While Auerbach was on the road, his friends and family could join him virtually. He enabled Google Latitude on his smartphone, which allowed his progress to be tracked on an online map. He also updated his locations with regular blog posts on his website, bikefordiabetes.com. Auerbach planned his route beforehand, but said he mostly took the trip town by town, improvising if needed.
Auerbach said he spoke with his dad nearly every day on the phone, who would look ahead for roadblocks and help keep him on track. He said his dad is also an avid cyclist and visited him in Arizona, where they biked the rim of the Grand Canyon.
“He was my eye in the sky,” said Auerbach.
Even though his dad was looking out for him, while making his way through Illinois, Auerbach said he got stuck in a lighting storm. He had to get off of his bike, and shrink his 5-foot-9-inch frame flat against the ground at the curbside.
“I was the tallest object for miles,” said Auerbach. “I felt completely helpless. There was nothing to protect me in the moment. It was like swimming in the ocean and being surrounded by sharks.”
There were high points to match the low points, though, Auerbach said. In St. Charles, Mo., he met a newly married couple at a brewpub one night, and over a few drinks at the bar, Auerbach explained his trip. When he returned from the bathroom, the couple was gone and his check was paid.
The idea for the trip had been brewing in Auerbach’s head since he was in high school, said his best friend, Rob Frisbie.
“It’s always been in the planning,” said Frisbie. “He needed the opportunity to connect with himself.”
Frisbie said he has known Auerbach since pre-K. Growing up with a diabetic friend meant Frisbie not only learned to be dialed into Auerbach’s emotional highs and lows, but he said he can sense when his friend’s blood glucose levels are dropping. He saved Auerbach from a hypoglycemic attack last summer. Auerbach was unconscious, and Frisbie carried him to his car and helped him swallow soda until his levels came back up.
In high school, Auerbach and Frisbie took a film class together.

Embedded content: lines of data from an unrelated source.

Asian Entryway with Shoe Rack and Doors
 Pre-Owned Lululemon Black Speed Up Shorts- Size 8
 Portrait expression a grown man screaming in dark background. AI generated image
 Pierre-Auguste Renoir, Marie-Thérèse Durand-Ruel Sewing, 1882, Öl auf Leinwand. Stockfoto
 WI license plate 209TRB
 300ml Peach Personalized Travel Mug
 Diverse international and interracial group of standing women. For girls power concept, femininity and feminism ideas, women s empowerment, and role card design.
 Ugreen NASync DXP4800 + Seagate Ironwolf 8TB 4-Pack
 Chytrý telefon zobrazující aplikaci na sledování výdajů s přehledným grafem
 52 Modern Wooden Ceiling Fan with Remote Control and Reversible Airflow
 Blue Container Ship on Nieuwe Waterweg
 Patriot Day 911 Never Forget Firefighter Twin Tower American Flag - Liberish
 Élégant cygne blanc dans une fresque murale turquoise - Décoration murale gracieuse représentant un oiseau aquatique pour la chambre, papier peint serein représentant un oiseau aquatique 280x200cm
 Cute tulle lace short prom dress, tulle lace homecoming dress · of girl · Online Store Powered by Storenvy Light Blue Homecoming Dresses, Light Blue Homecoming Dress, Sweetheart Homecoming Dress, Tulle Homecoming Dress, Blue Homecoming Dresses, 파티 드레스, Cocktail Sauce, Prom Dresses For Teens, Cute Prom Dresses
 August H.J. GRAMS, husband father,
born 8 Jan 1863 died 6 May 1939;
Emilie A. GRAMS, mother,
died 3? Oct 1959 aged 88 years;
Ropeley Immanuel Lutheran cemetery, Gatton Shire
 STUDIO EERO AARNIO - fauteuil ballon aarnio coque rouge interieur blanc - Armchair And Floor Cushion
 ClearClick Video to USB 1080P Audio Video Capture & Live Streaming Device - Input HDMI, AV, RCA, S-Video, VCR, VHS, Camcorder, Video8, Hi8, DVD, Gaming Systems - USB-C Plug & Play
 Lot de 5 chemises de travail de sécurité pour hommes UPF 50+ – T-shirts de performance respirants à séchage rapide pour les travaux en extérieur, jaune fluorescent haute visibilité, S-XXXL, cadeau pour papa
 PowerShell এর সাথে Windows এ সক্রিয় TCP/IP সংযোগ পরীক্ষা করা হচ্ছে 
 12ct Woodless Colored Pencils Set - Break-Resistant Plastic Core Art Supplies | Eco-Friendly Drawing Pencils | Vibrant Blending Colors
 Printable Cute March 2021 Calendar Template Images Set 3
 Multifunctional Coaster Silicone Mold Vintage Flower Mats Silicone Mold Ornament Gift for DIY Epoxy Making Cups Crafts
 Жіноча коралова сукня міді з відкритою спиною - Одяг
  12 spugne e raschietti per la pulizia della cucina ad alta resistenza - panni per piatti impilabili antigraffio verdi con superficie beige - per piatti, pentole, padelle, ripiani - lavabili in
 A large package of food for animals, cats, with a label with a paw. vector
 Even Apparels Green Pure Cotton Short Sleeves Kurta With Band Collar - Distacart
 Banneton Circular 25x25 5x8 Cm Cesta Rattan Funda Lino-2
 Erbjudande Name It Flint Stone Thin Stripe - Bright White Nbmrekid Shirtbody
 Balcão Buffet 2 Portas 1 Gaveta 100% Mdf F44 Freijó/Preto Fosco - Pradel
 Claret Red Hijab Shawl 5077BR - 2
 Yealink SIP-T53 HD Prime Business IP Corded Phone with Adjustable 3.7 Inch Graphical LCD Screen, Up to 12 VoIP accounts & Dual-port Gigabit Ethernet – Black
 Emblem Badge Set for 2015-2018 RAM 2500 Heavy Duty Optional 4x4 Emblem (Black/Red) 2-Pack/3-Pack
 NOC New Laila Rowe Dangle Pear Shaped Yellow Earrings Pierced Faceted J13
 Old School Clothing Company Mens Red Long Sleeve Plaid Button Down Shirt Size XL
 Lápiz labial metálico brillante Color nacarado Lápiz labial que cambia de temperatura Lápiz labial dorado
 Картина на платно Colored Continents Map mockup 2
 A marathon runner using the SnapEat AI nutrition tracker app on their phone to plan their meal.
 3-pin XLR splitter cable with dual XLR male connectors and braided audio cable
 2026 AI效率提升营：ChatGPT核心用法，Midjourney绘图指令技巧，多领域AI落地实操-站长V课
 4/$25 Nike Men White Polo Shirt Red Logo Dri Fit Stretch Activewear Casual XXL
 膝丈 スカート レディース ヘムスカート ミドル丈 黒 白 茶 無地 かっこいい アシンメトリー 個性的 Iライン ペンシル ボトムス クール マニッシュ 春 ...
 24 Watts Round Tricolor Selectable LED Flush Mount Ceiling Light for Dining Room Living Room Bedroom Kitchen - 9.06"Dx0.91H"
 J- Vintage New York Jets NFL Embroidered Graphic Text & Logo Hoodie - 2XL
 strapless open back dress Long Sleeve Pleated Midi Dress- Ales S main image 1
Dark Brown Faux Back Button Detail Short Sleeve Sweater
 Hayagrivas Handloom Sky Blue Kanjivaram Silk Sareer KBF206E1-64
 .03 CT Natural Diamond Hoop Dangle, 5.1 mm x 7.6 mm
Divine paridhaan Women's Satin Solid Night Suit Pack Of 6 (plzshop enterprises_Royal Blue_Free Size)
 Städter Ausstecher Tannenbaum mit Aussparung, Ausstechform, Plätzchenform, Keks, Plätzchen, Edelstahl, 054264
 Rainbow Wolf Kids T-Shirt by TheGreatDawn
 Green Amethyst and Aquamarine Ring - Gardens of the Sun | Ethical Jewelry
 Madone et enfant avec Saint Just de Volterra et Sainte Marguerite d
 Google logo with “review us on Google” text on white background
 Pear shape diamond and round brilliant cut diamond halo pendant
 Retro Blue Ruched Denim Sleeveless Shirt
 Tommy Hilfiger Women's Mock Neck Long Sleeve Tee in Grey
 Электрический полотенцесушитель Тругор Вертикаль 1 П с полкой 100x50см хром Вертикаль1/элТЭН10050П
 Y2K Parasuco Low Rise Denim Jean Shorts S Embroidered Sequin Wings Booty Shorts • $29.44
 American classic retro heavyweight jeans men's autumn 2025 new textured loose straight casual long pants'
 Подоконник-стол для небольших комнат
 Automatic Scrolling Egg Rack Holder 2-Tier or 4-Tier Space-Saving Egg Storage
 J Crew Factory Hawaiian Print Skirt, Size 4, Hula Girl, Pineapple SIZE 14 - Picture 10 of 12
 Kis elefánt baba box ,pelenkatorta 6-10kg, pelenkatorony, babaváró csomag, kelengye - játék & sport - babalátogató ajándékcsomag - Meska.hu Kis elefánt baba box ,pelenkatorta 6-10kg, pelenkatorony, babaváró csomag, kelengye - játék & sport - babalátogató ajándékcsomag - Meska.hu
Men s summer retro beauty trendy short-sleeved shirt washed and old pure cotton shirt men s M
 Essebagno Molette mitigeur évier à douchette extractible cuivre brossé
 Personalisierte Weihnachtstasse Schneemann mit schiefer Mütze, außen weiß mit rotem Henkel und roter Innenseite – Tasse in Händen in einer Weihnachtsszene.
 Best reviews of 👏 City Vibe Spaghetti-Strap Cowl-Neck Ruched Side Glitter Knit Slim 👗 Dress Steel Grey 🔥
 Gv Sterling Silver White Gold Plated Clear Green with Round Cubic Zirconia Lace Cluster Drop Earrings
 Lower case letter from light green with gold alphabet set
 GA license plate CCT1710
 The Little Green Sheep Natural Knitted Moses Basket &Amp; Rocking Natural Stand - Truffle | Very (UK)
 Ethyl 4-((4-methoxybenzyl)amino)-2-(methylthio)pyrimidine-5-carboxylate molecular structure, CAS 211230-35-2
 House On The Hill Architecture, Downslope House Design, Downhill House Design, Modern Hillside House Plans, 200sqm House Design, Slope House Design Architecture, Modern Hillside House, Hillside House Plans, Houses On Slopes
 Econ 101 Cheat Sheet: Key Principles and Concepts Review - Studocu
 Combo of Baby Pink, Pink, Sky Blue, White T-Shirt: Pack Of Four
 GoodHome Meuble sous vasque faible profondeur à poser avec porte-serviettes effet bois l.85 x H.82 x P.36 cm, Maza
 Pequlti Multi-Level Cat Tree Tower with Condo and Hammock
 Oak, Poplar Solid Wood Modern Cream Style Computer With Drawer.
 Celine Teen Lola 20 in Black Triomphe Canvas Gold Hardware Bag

“Labeling him as a storyteller is an understatement,” said Frisbie. “You can tell he has this innate talent for sharing stories. It was so clear that this was what he wanted to do.”
Flaherty said her son’s interest in the silver screen started at a young age.
“He’s been making home movies since he was a little guy,” she said. “He would spend the day making clay animals for claymations or putting on skits with friends.”
Auerbach worked on a Lifetime film and The Way Way Back in 2012, he said, but he got to tell his own story this time. His trip across the nation was the greatest experience of his life, he said.
Type 1 diabetes forced Auerbach to break the rhythm of his pedaling — an interruption he’s anticipated in his daily life since age four. In life’s haste, he must slow down, pull out his glucose meter, and address the task at hand — his health. It’s a routine that’s become part of his identity, and sometimes he appreciates this pause.
Sitting on his bike seat, eating peanut M&Ms with a shaky hand, he was able to gaze into the varied American scenery on the horizon, and breathe for 15 minutes.
“I found a way to take it all in,” said Auerbach. “I could enjoy life without diabetes being a hindrance, but still know that it’s there.”